On Friday, February 27, 2026, two scenes played out simultaneously in two very different parts of the country.
In Chappaqua, New York, former President Bill Clinton sat behind closed doors for over six hours, answering questions under oath about his ties to Jeffrey Epstein. Lawmakers showed him photographs. He said he didn’t know the women in them. He said he did nothing wrong. It was the first time a former president had ever been compelled to testify before Congress under subpoena.
In Corpus Christi, Texas, the actor who once played Clinton on screen stepped behind the presidential seal at a Donald Trump rally and said four words: “I love Donald Trump.”
The actor was Dennis Quaid. And his relationship with both of these presidents is far more personal than most people realize.
Two Presidents, One Actor
For the 2010 HBO film The Special Relationship, Quaid portrayed Clinton during the Lewinsky scandal — a performance that earned him Emmy, Golden Globe, and Screen Actors Guild nominations. To match Clinton’s build, he ate McDonald’s every day for four months on what he described as “a baby on a feeding schedule,” gaining 35 pounds. He shaved his eyebrows, donned a wig, and studied miles of footage until the transformation was near-complete.
He took the role because he genuinely admired the man. In 1999, just weeks after the Senate acquitted Clinton of impeachment charges, the president invited Quaid to spend a weekend at the White House. Hillary was away. The two watched March Madness, ate Subway sandwiches in the presidential limousine, played golf, and threw a tennis ball around for Buddy the dog. “He was just a great guy,” Quaid told The Daily Beast. “And the smartest man I’ve ever met.”

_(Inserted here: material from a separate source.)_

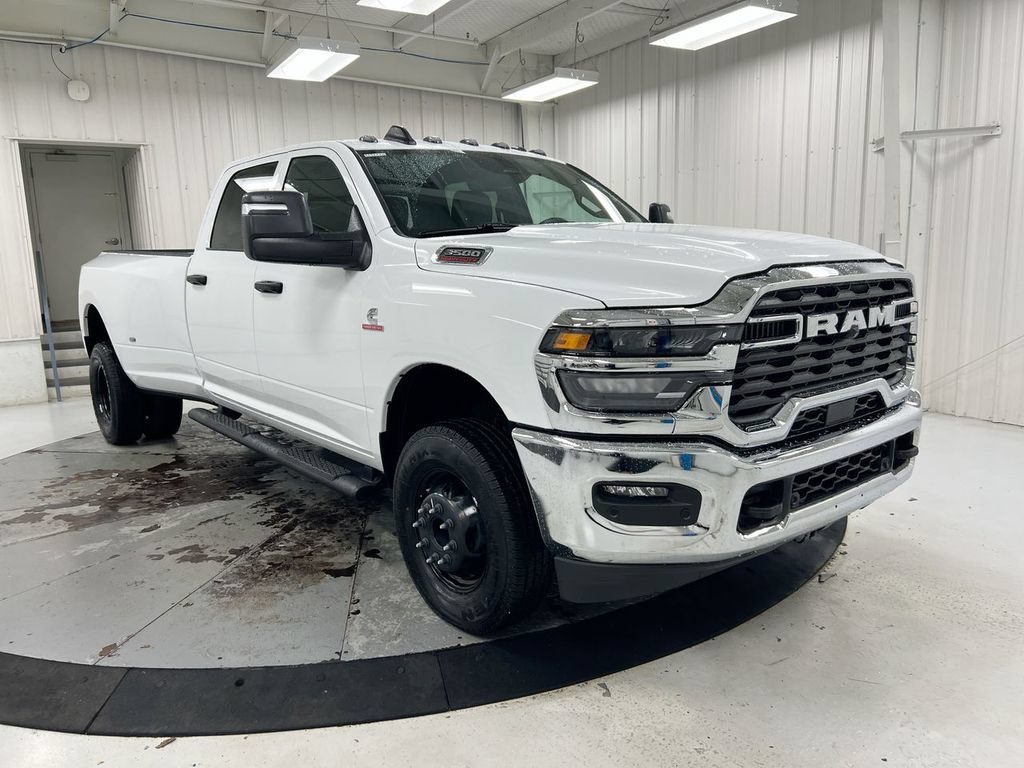 New 2026 RAM 3500 Tradesman AWD/4WD image 2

That was then. On Friday, Quaid was seated at a conference table aboard Air Force One, directly next to Trump, with the “Aboard Air Force One” plaque over his shoulder. Senator Ted Cruz posted a photo of them grinning together on the flight to Texas. Then came the rally, where Trump brought Quaid onstage and, after the declaration, offered a plug: “He’s got a new movie coming out by the way.”
That movie is War Machine, a Netflix sci-fi thriller starring Alan Ritchson, dropping March 6 — exactly one week later.
The Independent Who Picked a Side
Quaid’s political identity has always been harder to pin down than this moment suggests.
In 2008, he attended an Obama fundraiser where he told the crowd even his infant twins lit up whenever Obama appeared on television. In August 2024, he told Joe Rogan he’d “been an independent all my life” and that both parties “need each other.” Nine days before his Air Force One ride, he repeated his “common-sense independent” label on a pastor’s podcast.
But the film résumé had been quietly writing a different story. After the Clinton role, he starred in the 2024 Reagan biopic — a passion project. By October of that year, he was appearing at a Trump campaign rally in Coachella, calling Reagan his “favorite president of the 20th century” and Trump his “favorite of the 21st.” Friday wasn’t a sudden flip. It was the next step — from rally guest to Air Force One passenger to podium declaration.
And the timing could not have been sharper. As one president he’d portrayed sat for the most consequential testimony of his post-presidential life, Quaid was 30,000 feet in the air with the other. Trump himself, departing the White House that morning, told reporters: “I like Bill Clinton and I don’t like seeing him deposed.”
Hollywood Is Taking Notes
Lauren Holly, who played Quaid’s on-screen wife in Oliver Stone’s Any Given Sunday, responded to the Air Force One photos with a comment that racked up nearly 7,000 likes: “At least I got to slap him real hard in Any Given Sunday.”
Image credit: @yashar/X
Fans who grew up on Quaid’s films expressed a familiar grief. Some predicted his career was finished. Others zeroed in on the Netflix premiere date and asked the question Quaid hasn’t answered: was this conviction or a very well-timed press tour?
Quaid has said that Hollywood publicists warned him to stay silent about politics or risk losing work, and that endorsing Democrats was accepted while supporting Trump made you untouchable. It’s partly why he left Los Angeles for Nashville, where he said he felt “more at home.”
Whether the man who once spent a weekend in Bill Clinton’s White House, called him a genius, fundraised for Obama, and told Joe Rogan both parties need each other has genuinely changed — or simply found the side where the cameras are pointing — the comments section will decide.